Top of Input

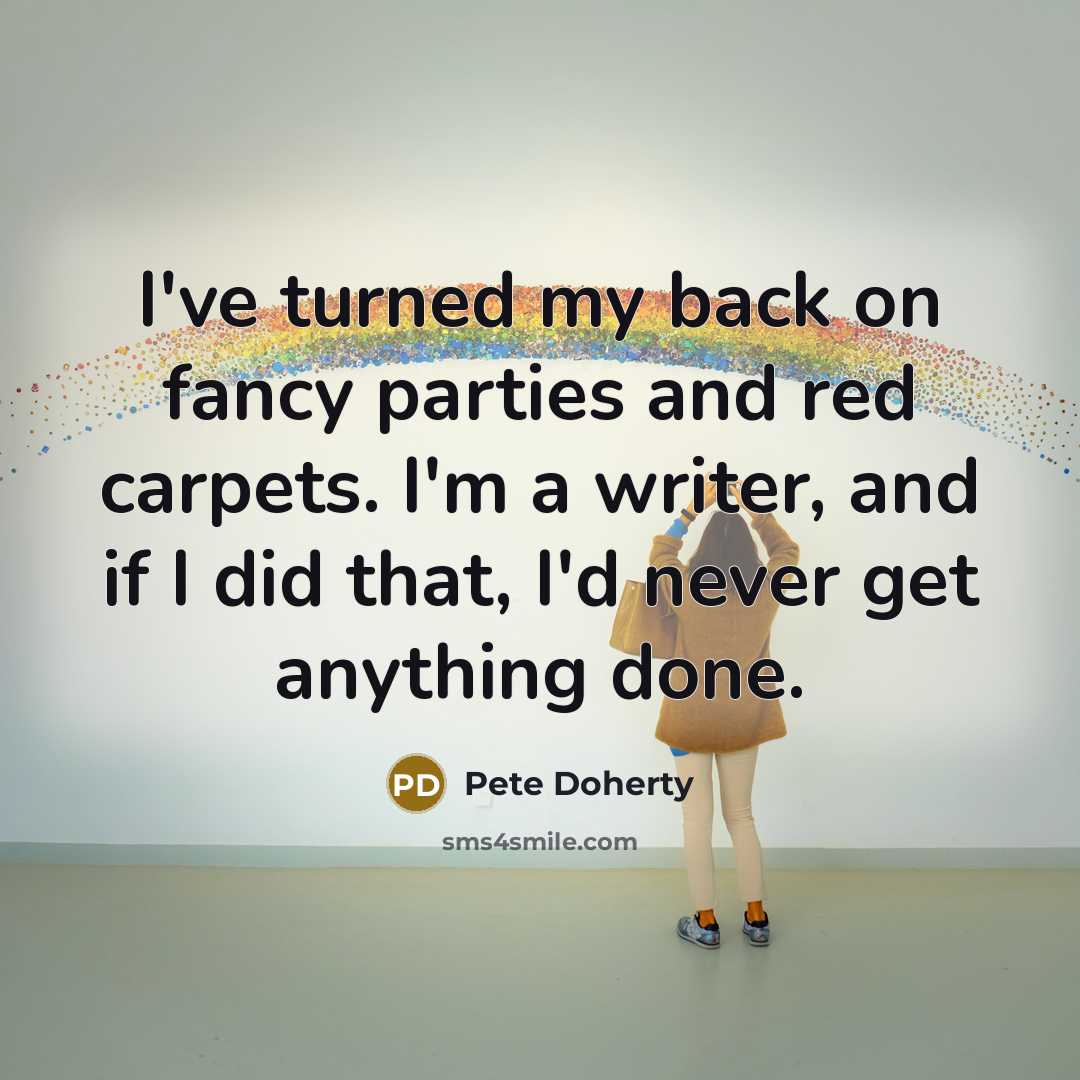 “I've turned my back on fancy parties and red carpets.…” quote by Pete Doherty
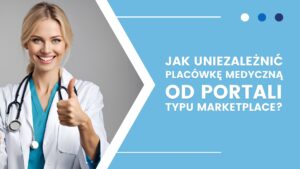 Jak uniezależnić placówkę medyczną od portali typu marketplace, niebieskie tło.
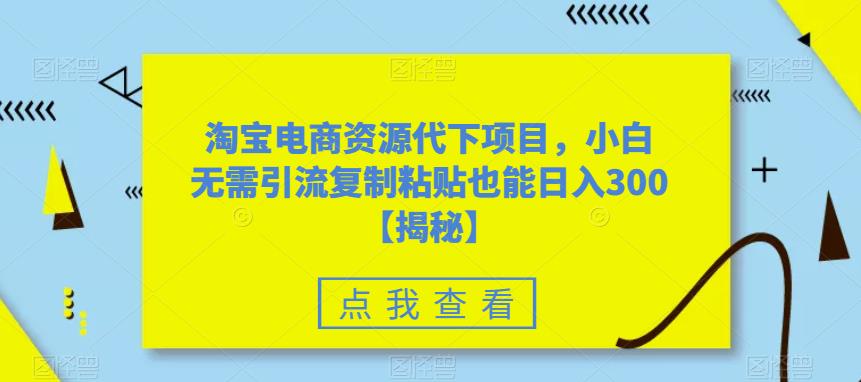 淘宝电商资源代下项目，小白无需引流复制粘贴也能日入300＋【揭秘】-生财有道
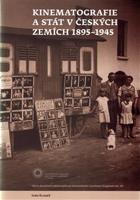 Kinematografie a stát v českých zemích 1895-1945 - Ivan Klimeš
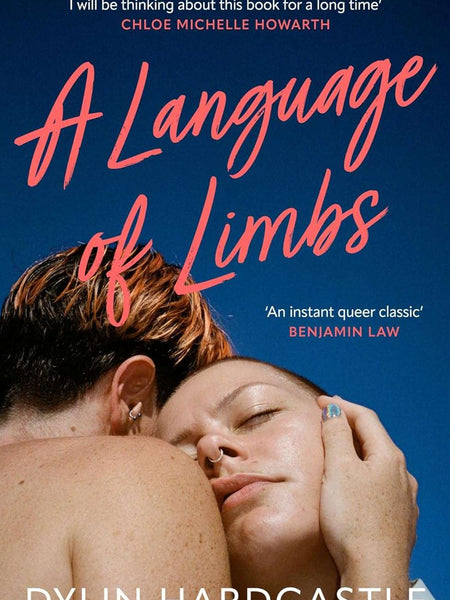 A Language of Limbs: A sapphic love story celebrating queer life by Dylin Hardcastle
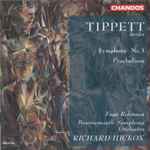 Cover for album: Tippett - Faye Robinson, Bournemouth Symphony Orchestra, Richard Hickox – Symphony No. 3 / Praeludium(CD, )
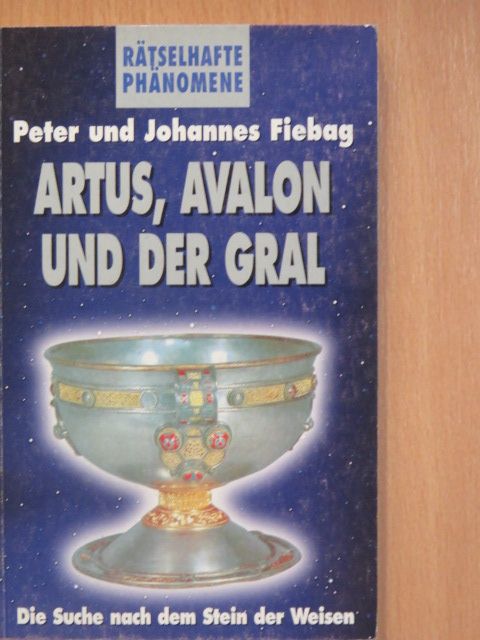 Johannes Fiebag - Artus, Avalon und der Gral [antikvár]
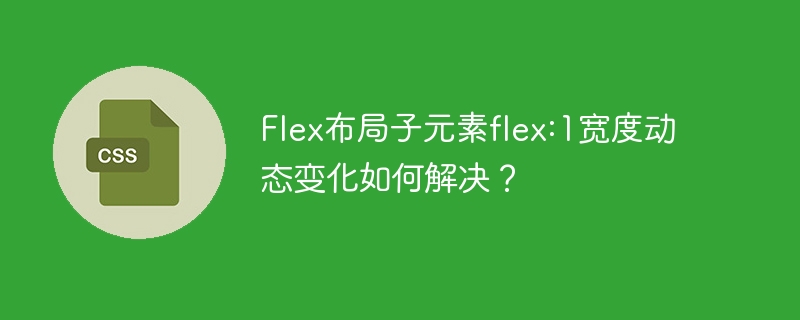 Flex布局子元素flex:1宽度动态变化如何解决？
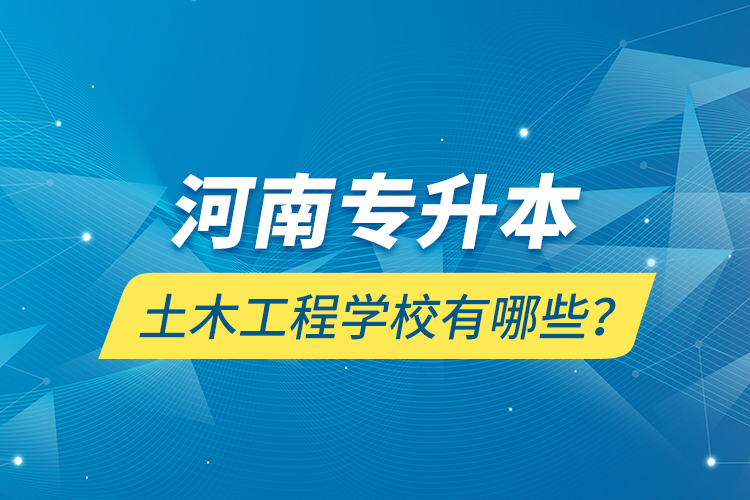 河南專升本土木工程學(xué)校有哪些？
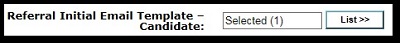 The referral initial email template candidate option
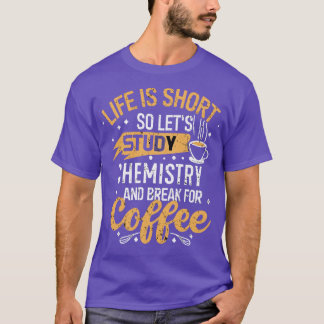 Life is Short So lets study Chemistry and break fo T-Shirt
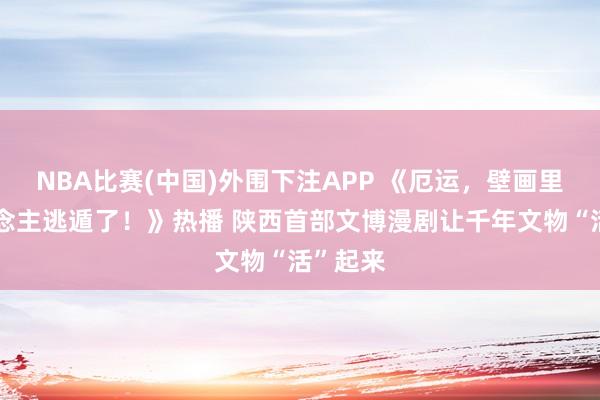 NBA比赛(中国)外围下注APP 《厄运，壁画里的东说念主逃遁了！》热播 陕西首部文博漫剧让千年文物“活”起来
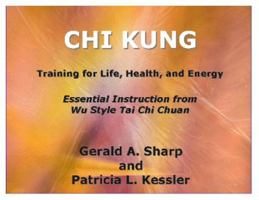 Chi Kung Training for Life, Health, and Energy 0985081627 Book Cover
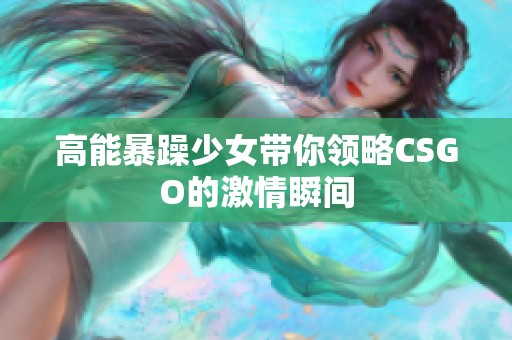 高能暴躁少女带你领略CSGO的激情瞬间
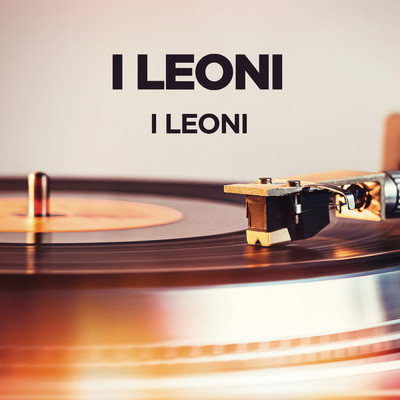 アルバム/I Leoni/I Leoni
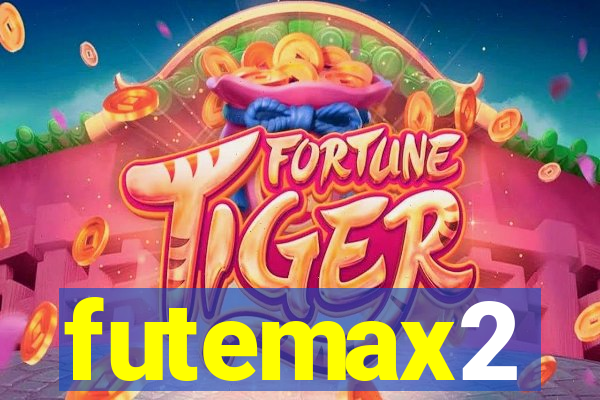 futemax2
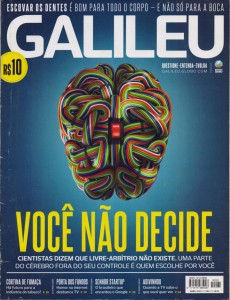Revista Galileu - Ed 261 - Abril 2013 - Você não decide
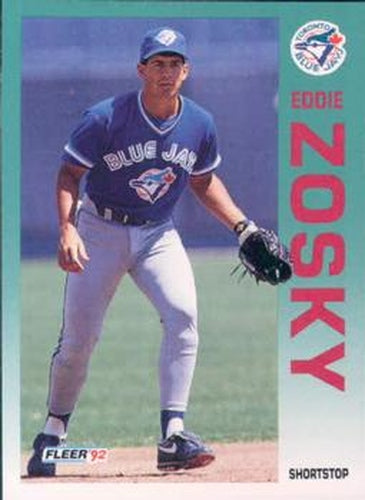 #348 Eddie Zosky - Toronto Blue Jays - 1992 Fleer Baseball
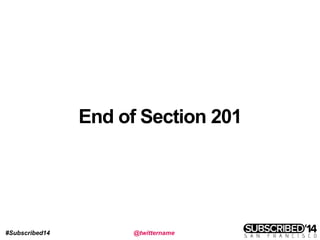 #Subscribed14 @twittername
End of Section 201
 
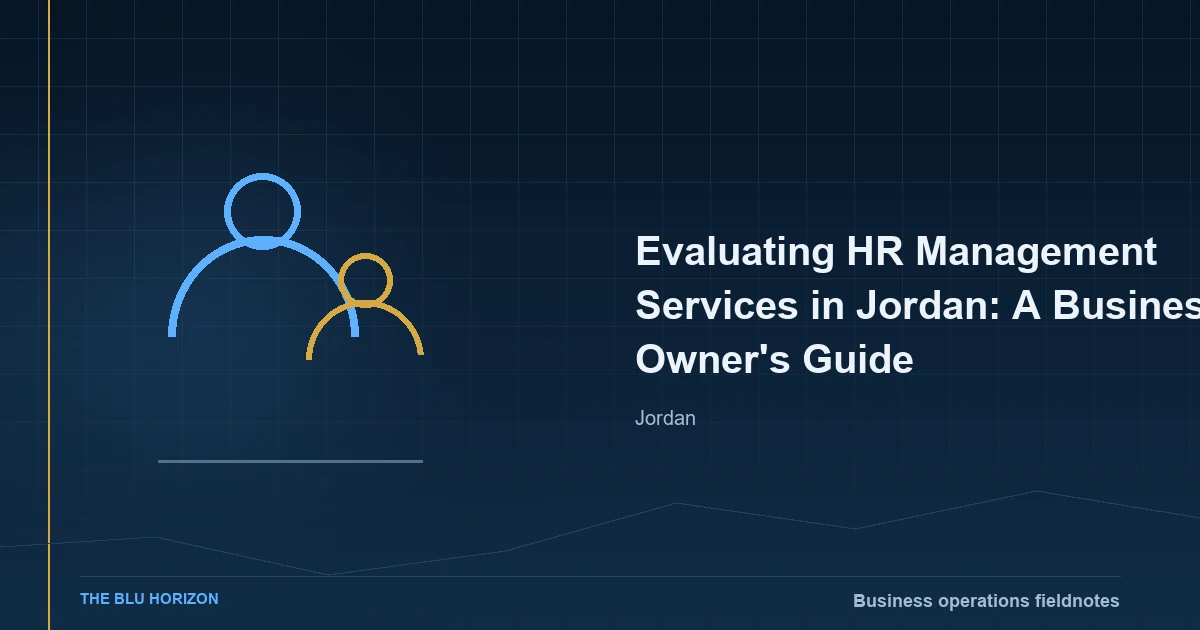 Evaluating HR Management Services in Jordan: A Business Owner's Guide
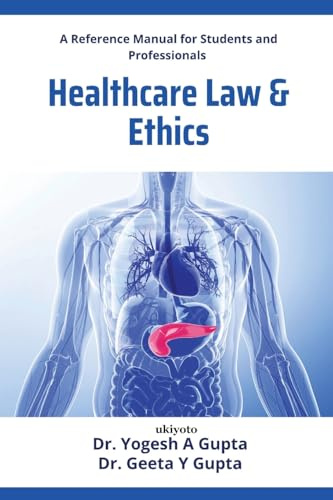 Healthcare, Law, and Ethics: A Reference Manual for Students and Professionals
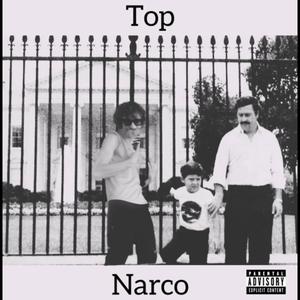 Top Narco (Explicit)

Bottom of Input

== Task prompt ==
Please set down only the lines from the one containing "高能暴躁少女带你领略CSGO的激情瞬间" through the end of the entries, exactly as they stand, both ends included and with no pictures.

== Finished task ==
 高能暴躁少女带你领略CSGO的激情瞬间
 アルバム/I Leoni/I Leoni
 futemax2
Revista Galileu - Ed 261 - Abril 2013 - Você não decide
 #348 Eddie Zosky - Toronto Blue Jays - 1992 Fleer Baseball
 #Subscribed14 @twittername
End of Section 201
 
 Evaluating HR Management Services in Jordan: A Business Owner's Guide
 Healthcare, Law, and Ethics: A Reference Manual for Students and Professionals
 Top Narco (Explicit)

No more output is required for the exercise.